*Exercise instructions:* Starting at the line that contains "1.2.19 MR Surprise", transcribe every remaining line of the entries exactly, including the last one.

[Recorded data]
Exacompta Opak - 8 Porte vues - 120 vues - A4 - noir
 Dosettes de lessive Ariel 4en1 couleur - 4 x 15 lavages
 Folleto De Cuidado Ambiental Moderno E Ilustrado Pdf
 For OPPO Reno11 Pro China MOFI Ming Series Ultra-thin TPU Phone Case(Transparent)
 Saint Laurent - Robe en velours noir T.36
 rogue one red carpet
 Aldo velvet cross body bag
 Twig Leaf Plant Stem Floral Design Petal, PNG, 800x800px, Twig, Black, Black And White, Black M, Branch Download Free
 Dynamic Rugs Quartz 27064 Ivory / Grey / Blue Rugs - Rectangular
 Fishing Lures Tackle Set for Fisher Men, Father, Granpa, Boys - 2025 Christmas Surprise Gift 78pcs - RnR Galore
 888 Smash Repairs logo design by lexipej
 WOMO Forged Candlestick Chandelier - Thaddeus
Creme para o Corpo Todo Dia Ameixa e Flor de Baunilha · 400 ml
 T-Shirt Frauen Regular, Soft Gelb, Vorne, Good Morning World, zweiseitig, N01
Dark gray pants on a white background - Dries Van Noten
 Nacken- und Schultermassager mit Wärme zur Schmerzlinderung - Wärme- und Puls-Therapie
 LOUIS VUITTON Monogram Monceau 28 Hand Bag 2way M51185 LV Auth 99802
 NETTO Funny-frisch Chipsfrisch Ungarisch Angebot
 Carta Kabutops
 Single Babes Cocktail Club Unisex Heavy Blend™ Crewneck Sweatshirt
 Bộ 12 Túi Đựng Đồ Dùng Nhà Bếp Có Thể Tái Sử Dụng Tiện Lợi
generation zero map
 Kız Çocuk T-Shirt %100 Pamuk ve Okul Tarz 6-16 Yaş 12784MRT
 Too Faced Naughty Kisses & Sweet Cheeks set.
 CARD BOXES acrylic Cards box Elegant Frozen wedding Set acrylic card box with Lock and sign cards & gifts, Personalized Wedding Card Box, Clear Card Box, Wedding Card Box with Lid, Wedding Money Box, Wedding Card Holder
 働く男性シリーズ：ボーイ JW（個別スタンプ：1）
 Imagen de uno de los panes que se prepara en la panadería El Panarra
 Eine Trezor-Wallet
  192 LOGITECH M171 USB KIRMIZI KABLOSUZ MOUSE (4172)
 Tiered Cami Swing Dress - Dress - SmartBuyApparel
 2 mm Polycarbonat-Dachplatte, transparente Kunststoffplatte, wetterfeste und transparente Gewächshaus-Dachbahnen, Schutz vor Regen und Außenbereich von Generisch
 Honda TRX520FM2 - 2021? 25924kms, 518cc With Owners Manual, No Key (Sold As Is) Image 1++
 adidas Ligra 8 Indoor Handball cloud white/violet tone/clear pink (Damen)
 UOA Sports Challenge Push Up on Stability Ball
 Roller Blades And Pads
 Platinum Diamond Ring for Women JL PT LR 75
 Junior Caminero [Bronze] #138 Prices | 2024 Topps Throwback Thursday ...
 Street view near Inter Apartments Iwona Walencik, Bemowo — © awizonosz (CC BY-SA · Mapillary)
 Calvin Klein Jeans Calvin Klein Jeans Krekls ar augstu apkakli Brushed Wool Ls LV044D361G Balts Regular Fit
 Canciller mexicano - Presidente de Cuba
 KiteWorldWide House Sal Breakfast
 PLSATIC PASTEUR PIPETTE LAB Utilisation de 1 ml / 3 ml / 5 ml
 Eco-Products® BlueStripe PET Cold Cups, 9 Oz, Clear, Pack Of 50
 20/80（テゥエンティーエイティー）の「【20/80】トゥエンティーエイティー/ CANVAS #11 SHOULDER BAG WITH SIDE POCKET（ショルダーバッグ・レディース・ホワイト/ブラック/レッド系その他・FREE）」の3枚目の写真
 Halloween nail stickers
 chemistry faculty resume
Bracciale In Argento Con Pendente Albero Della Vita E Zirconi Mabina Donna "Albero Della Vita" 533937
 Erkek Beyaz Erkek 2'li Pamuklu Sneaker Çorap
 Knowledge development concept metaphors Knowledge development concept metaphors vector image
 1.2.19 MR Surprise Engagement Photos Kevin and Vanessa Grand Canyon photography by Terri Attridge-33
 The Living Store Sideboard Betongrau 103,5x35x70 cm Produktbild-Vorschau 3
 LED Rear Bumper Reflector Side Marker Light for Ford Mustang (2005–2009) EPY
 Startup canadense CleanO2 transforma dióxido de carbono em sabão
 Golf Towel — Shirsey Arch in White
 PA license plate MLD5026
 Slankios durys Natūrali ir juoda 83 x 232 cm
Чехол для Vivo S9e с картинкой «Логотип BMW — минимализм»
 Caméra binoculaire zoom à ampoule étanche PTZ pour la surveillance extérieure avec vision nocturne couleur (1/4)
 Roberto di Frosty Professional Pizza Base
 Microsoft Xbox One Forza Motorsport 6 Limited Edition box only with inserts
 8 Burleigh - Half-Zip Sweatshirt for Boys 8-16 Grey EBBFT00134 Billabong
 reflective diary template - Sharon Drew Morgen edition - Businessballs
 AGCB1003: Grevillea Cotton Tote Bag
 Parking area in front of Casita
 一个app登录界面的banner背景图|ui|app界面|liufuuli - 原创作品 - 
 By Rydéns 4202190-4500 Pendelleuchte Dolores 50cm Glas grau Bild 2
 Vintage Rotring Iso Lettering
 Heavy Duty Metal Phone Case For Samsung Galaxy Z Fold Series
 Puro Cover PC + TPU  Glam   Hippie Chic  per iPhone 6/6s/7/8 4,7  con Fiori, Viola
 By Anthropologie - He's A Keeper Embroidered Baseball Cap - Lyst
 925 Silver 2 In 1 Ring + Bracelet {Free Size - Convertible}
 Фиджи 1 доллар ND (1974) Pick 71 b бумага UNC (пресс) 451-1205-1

*Exercise solution:*
 1.2.19 MR Surprise Engagement Photos Kevin and Vanessa Grand Canyon photography by Terri Attridge-33
 The Living Store Sideboard Betongrau 103,5x35x70 cm Produktbild-Vorschau 3
 LED Rear Bumper Reflector Side Marker Light for Ford Mustang (2005–2009) EPY
 Startup canadense CleanO2 transforma dióxido de carbono em sabão
 Golf Towel — Shirsey Arch in White
 PA license plate MLD5026
 Slankios durys Natūrali ir juoda 83 x 232 cm
Чехол для Vivo S9e с картинкой «Логотип BMW — минимализм»
 Caméra binoculaire zoom à ampoule étanche PTZ pour la surveillance extérieure avec vision nocturne couleur (1/4)
 Roberto di Frosty Professional Pizza Base
 Microsoft Xbox One Forza Motorsport 6 Limited Edition box only with inserts
 8 Burleigh - Half-Zip Sweatshirt for Boys 8-16 Grey EBBFT00134 Billabong
 reflective diary template - Sharon Drew Morgen edition - Businessballs
 AGCB1003: Grevillea Cotton Tote Bag
 Parking area in front of Casita
 一个app登录界面的banner背景图|ui|app界面|liufuuli - 原创作品 - 
 By Rydéns 4202190-4500 Pendelleuchte Dolores 50cm Glas grau Bild 2
 Vintage Rotring Iso Lettering
 Heavy Duty Metal Phone Case For Samsung Galaxy Z Fold Series
 Puro Cover PC + TPU  Glam   Hippie Chic  per iPhone 6/6s/7/8 4,7  con Fiori, Viola
 By Anthropologie - He's A Keeper Embroidered Baseball Cap - Lyst
 925 Silver 2 In 1 Ring + Bracelet {Free Size - Convertible}
 Фиджи 1 доллар ND (1974) Pick 71 b бумага UNC (пресс) 451-1205-1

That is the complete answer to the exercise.